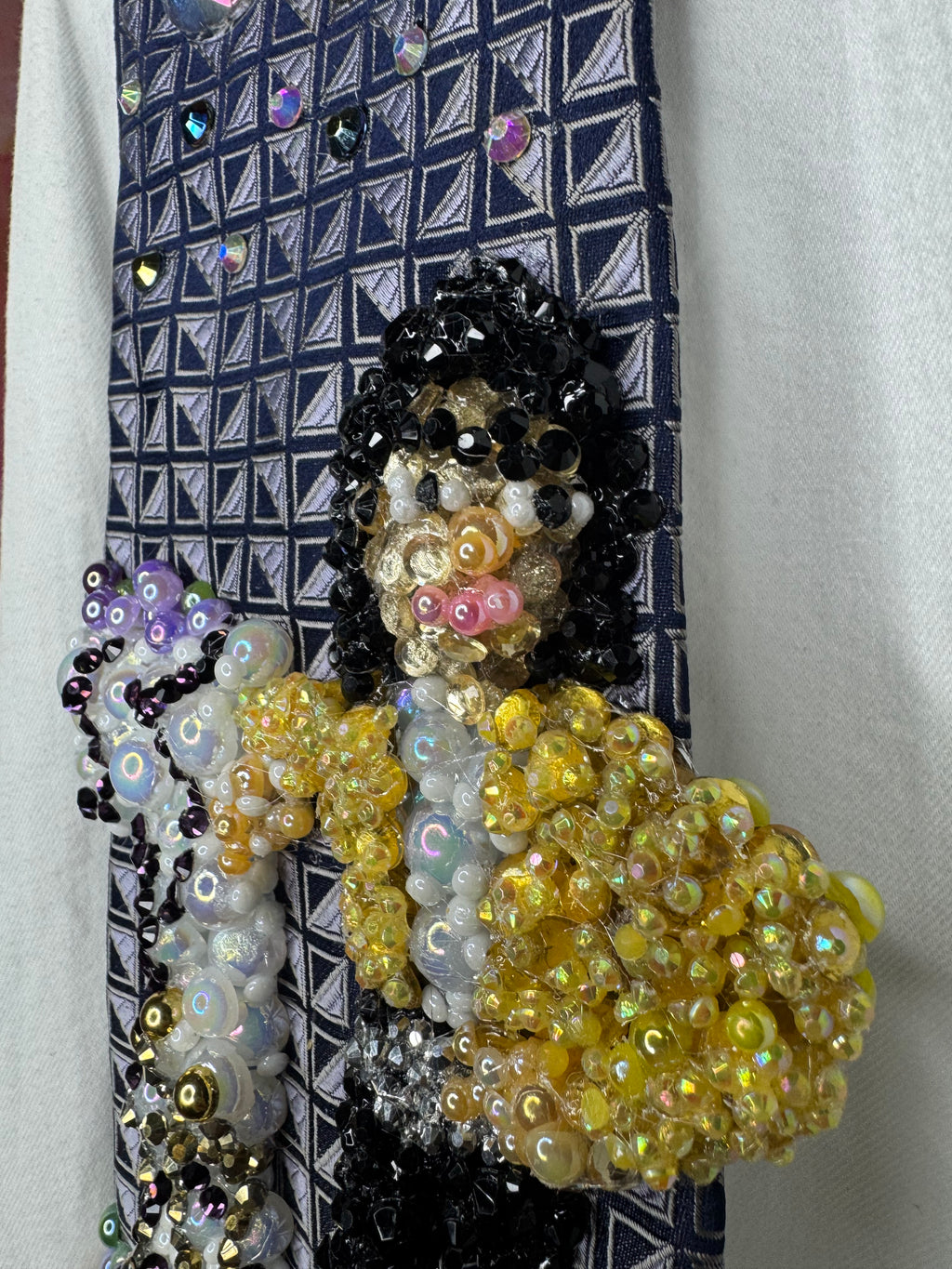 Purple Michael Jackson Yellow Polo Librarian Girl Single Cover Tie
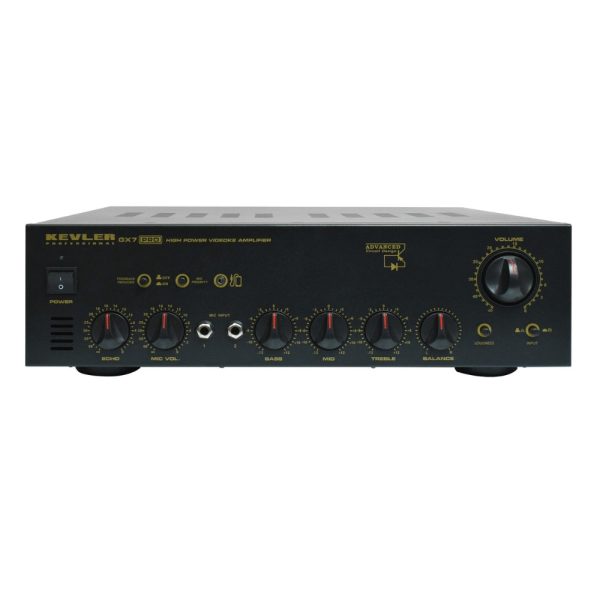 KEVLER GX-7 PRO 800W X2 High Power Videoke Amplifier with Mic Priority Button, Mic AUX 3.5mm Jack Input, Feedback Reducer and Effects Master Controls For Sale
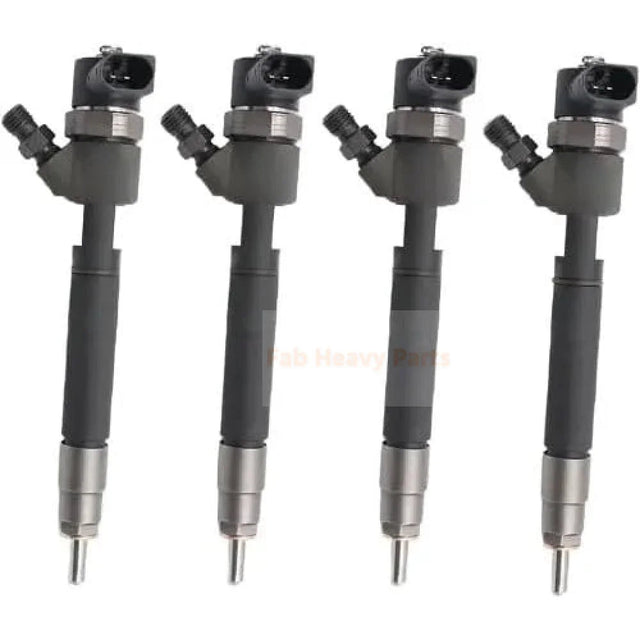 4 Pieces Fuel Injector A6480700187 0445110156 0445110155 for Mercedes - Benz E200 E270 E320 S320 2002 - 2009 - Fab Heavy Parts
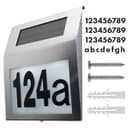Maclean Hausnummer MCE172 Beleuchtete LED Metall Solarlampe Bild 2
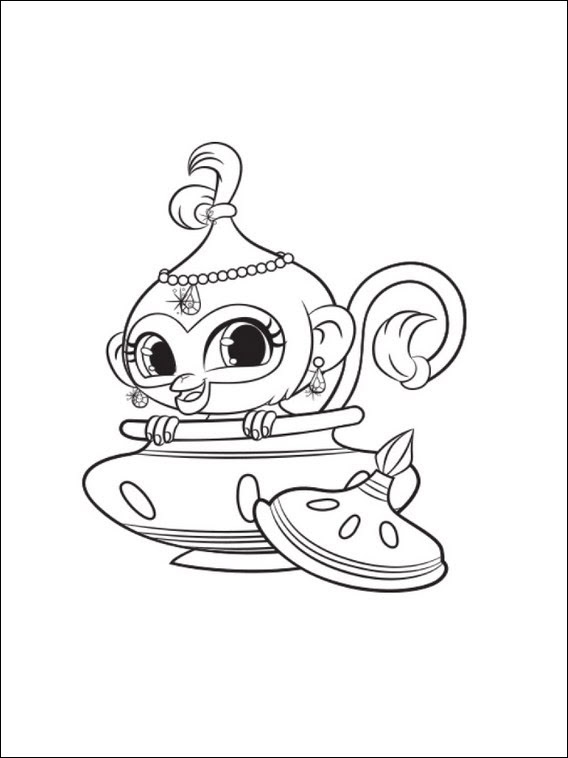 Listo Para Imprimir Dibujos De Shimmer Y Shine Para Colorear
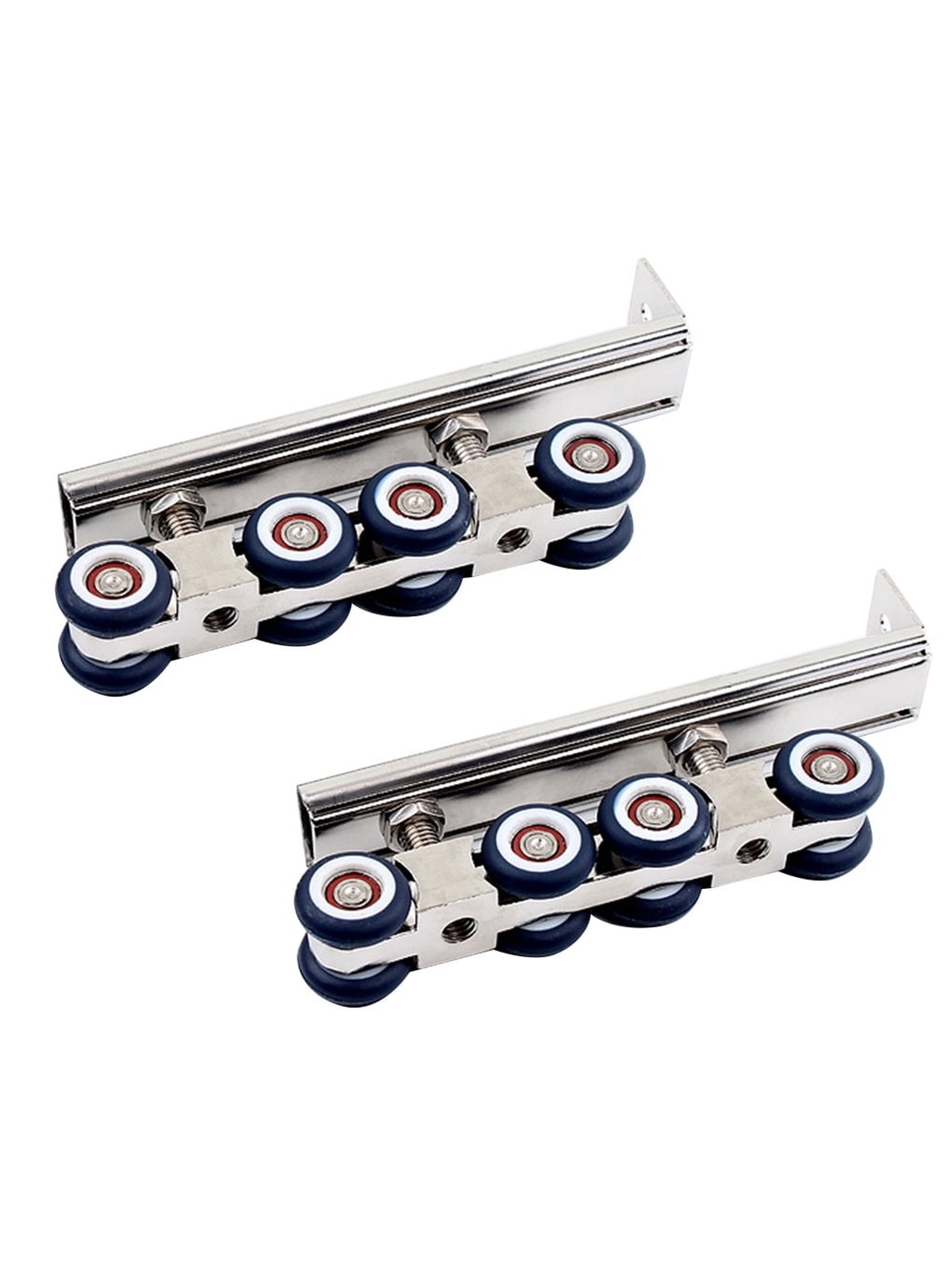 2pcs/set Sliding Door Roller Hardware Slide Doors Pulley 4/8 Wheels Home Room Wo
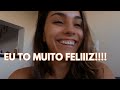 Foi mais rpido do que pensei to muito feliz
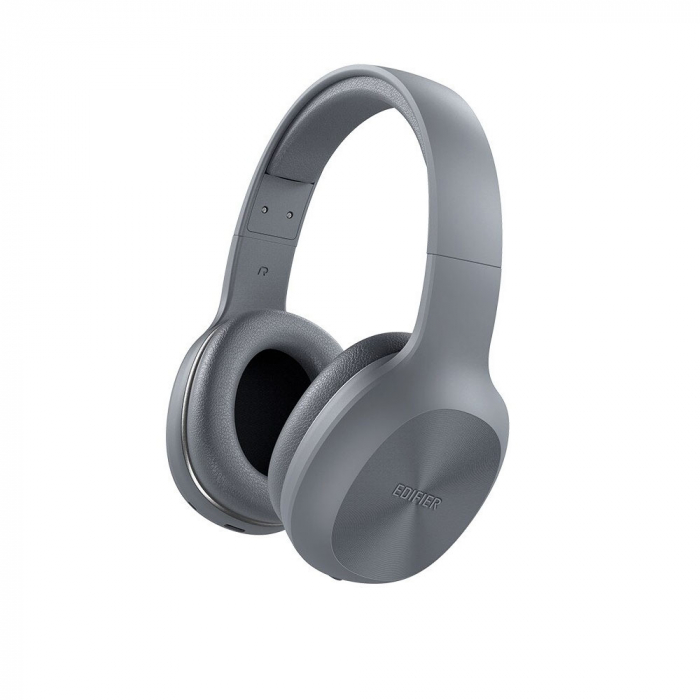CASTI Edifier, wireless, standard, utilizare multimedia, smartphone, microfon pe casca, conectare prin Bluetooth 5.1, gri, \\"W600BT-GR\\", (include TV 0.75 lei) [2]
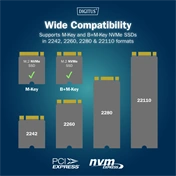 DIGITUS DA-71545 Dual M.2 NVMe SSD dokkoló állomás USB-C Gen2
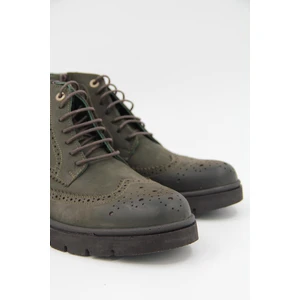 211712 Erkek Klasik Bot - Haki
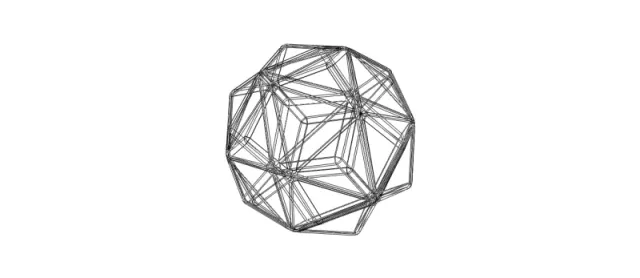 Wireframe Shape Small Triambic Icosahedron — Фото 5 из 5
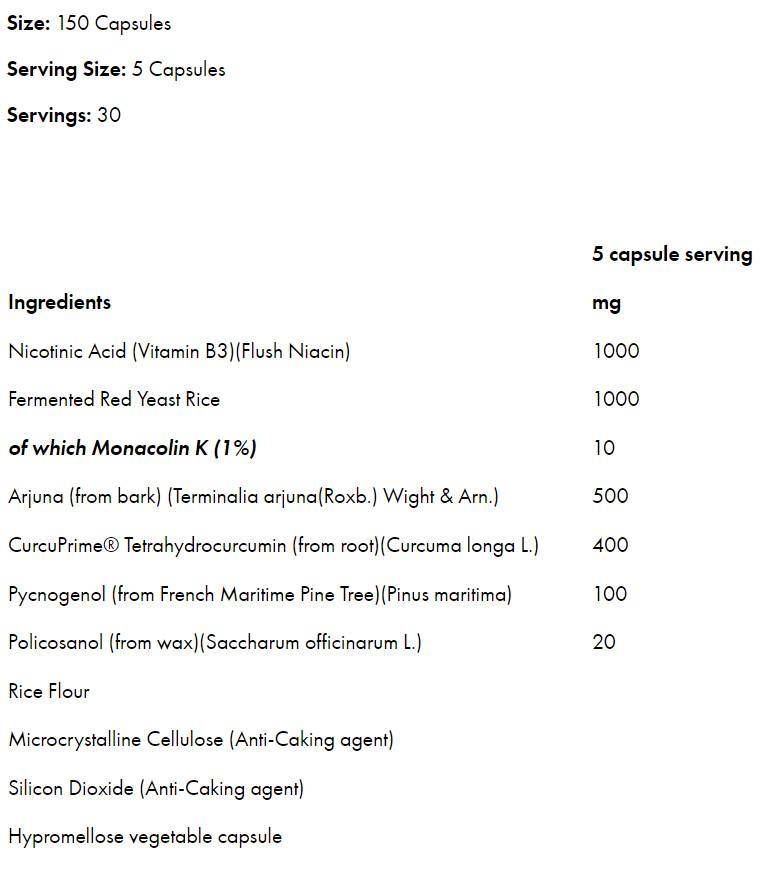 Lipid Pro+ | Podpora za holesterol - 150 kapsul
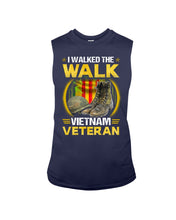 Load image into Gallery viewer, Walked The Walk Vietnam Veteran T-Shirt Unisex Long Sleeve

--- --- ---

**Activity**:
Nothing but the lines from the one holding "CASTI Edifier, wireless, standard, utilizare" to the end of the entries above should be echoed, exactly and with both ends included; omit the pictures.

**Exercise solution**:
CASTI Edifier, wireless, standard, utilizare multimedia, smartphone, microfon pe casca, conectare prin Bluetooth 5.1, gri, \\"W600BT-GR\\", (include TV 0.75 lei) [2]
 DIGITUS DA-71545 Dual M.2 NVMe SSD dokkoló állomás USB-C Gen2
 211712 Erkek Klasik Bot - Haki
 Wireframe Shape Small Triambic Icosahedron — Фото 5 из 5
 Lipid Pro+ | Podpora za holesterol - 150 kapsul
 Load image into Gallery viewer, Walked The Walk Vietnam Veteran T-Shirt Unisex Long Sleeve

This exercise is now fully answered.